2025 Public Lands Rally in Durango, Colorado

Mason Cummings

Trump’s fossil fuel agenda threatens public lands, health and climate; will not bring costs down

Trump is barely two months into his presidency, but his push of a reckless, profit-centric fossil fuel agenda already seriously threatens communities, public lands and the climate. On his first day, President Trump declared a “national energy emergency”—a pretext for expanding unnecessary drilling across public lands and waters even as oil and gas production on public lands hits record highs!

Fossil fuel development on public lands and waters is responsible for nearly one-quarter of all U.S. greenhouse gas emissions. But there’s been progress in tackling this: the Biden administration put policies in place that were set to cut emissions from Bureau of Land Management (BLM) leases for oil, gas and coal development by nearly 40%.

And now, we are going backwards. Within the flurry of executive orders signed in January were actions to block wind and solar energy development on public lands, rescind critical environmental protections, weaken safeguards for clean water and roll back regulations to hold polluters accountable.

Despite claims that this agenda will lower energy prices, it will actually deepen our dependence on fossil fuels at the expense of public lands, communities and the climate. Here are five reasons why Trump’s fossil fuel push is dangerous, misguided and bad for the country: 

1. Oil and gas companies already have more land than they are using!
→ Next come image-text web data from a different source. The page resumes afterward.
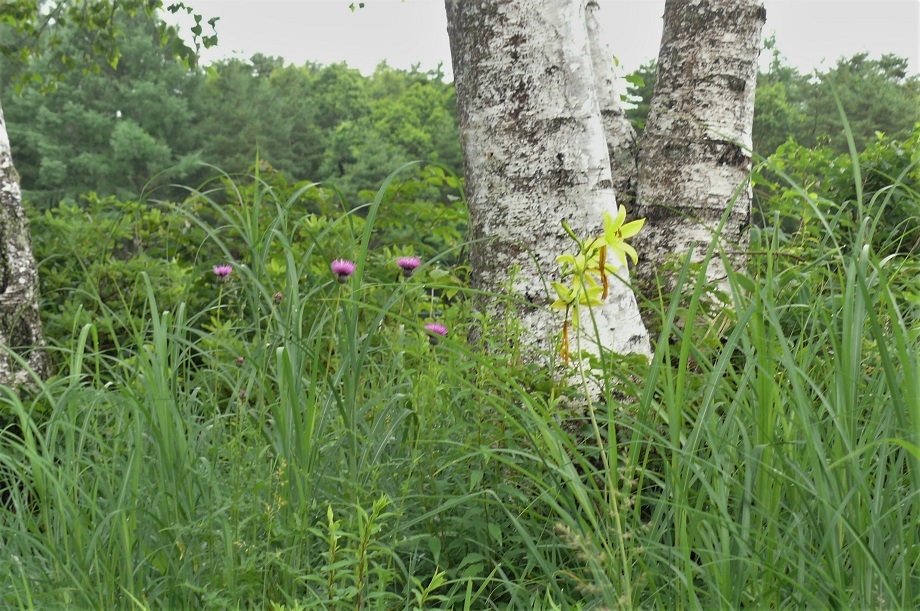http://www.alpico.co.jp/shikinomori/news/images/P1230289.JPG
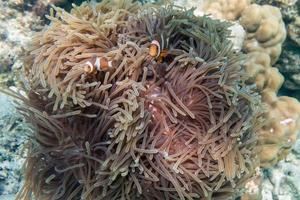 Clownfish swimming in coral reef photo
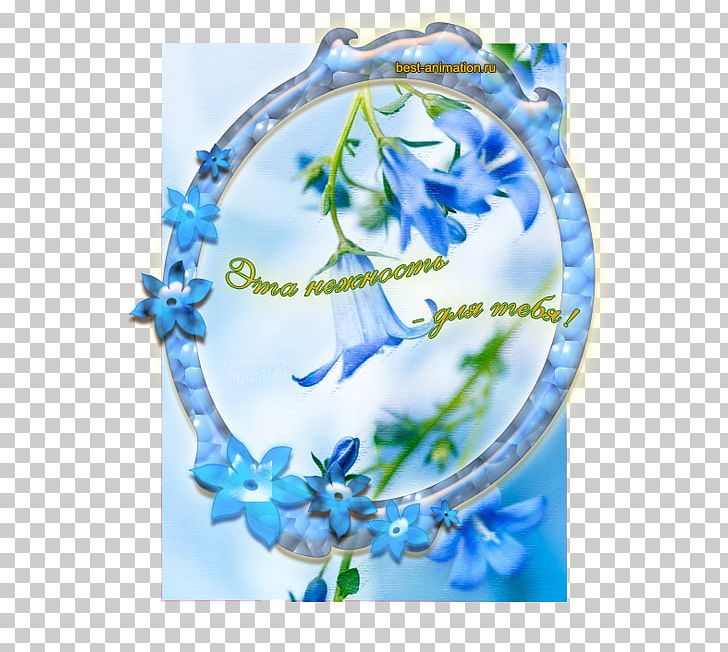 Flower Photography Sister Quotation PNG, Clipart, Blue, Color, Feeling, Flora, Floral Design Free PNG Download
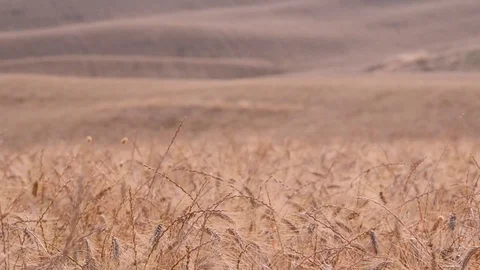 Tuscany wheat field 스톡 동영상 95227643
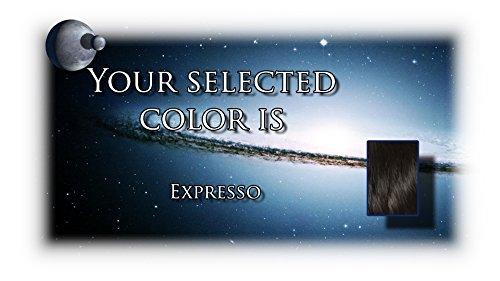 Rene of Paris Rene of Paris Wigs : Shannon (#2342) (Expresso)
Despite claims that the U.S. needs to expand drilling on public lands, oil and gas production from public lands is already at an all-time high! Currently, 81% of BLM lands in the West are available to oil and gas leasing. What’s more, companies currently hold 35 million acres of federal leases for oil and gas extraction, yet they only produce on a little more than half of those acres. In other words, the industry already has vast amounts of lands leased for drilling but isn't using all of it.

Companies drill when it’s profitable, not just when they have access to more land. This is supply and demand: if oil prices are high, drilling becomes more profitable and companies invest in projects; if oil prices are low, companies stop drilling because it’s not worth the cost.

However, this doesn’t stop oil and gas companies from bidding on available public lands, even if lands have a low potential for oil and gas. As of 2023, a whopping 46% of BLM lands leased to the oil and gas industry are nonproducing. When the oil and gas industry sits on leases they don’t intend to develop, it hamstrings land managers from applying other uses to these lands like outdoor recreation, wildlife conservation or responsible renewable energy development. 

Cherokee Generating Station, Colorado.

Cherokee Generating Station in Colorado

Mason Cummings, TWS

2. More drilling won’t lower energy prices

President Trump claims his ‘drill, baby, drill’ approach will lower energy prices—but it won’t. Fossil fuel markets are notoriously unstable, largely based on profit, global supply and demand assumptions, geopolitical conflict and wars. Price spikes based on speculation are routinely passed on to everyday people at the gas pumps. More drilling on public lands would do very little to change these dynamics and bring down costs. Meanwhile, Trump’s proposed tariffs on imports like steel and aluminum—key materials for pipelines and drilling infrastructure—could actually raise gas prices by as much as 15 cents per gallon. 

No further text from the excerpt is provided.